Collected data entries
▬▬▬

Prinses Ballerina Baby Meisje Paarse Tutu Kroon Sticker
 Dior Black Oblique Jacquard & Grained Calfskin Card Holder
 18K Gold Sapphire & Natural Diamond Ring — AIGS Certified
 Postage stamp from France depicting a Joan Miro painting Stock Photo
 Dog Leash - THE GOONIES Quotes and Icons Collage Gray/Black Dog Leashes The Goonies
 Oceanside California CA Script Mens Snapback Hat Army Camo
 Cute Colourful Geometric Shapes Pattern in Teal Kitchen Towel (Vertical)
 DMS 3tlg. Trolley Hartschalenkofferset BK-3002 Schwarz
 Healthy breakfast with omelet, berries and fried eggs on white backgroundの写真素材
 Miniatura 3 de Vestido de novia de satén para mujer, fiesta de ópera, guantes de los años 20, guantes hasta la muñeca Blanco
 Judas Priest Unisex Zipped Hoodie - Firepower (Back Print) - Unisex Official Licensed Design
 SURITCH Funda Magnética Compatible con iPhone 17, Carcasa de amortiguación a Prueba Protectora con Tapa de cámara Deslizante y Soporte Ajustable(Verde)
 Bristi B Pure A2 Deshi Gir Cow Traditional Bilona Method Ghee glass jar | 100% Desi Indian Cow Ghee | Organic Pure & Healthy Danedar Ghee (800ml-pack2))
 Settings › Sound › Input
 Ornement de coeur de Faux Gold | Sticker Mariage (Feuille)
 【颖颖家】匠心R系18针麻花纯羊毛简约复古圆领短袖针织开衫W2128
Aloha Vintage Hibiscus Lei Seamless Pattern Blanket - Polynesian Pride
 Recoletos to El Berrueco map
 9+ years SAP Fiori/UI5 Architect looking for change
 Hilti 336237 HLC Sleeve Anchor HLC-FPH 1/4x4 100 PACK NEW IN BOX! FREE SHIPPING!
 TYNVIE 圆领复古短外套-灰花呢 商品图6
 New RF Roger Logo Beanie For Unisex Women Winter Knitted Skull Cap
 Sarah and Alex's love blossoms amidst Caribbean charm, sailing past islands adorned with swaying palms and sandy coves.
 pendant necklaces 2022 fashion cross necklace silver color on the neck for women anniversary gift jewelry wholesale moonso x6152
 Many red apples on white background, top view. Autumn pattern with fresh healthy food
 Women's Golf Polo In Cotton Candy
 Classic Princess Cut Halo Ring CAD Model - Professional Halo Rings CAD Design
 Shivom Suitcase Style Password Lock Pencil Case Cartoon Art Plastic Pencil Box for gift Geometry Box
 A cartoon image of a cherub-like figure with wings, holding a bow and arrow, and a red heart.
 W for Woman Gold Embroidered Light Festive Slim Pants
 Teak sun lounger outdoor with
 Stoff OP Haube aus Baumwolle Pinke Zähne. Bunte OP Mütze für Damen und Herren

▬▬▬

Write out exactly those lines running from the line with "Hilti 336237 HLC" to the end of the data above, the first and last included.

 Hilti 336237 HLC Sleeve Anchor HLC-FPH 1/4x4 100 PACK NEW IN BOX! FREE SHIPPING!
 TYNVIE 圆领复古短外套-灰花呢 商品图6
 New RF Roger Logo Beanie For Unisex Women Winter Knitted Skull Cap
 Sarah and Alex's love blossoms amidst Caribbean charm, sailing past islands adorned with swaying palms and sandy coves.
 pendant necklaces 2022 fashion cross necklace silver color on the neck for women anniversary gift jewelry wholesale moonso x6152
 Many red apples on white background, top view. Autumn pattern with fresh healthy food
 Women's Golf Polo In Cotton Candy
 Classic Princess Cut Halo Ring CAD Model - Professional Halo Rings CAD Design
 Shivom Suitcase Style Password Lock Pencil Case Cartoon Art Plastic Pencil Box for gift Geometry Box
 A cartoon image of a cherub-like figure with wings, holding a bow and arrow, and a red heart.
 W for Woman Gold Embroidered Light Festive Slim Pants
 Teak sun lounger outdoor with
 Stoff OP Haube aus Baumwolle Pinke Zähne. Bunte OP Mütze für Damen und Herren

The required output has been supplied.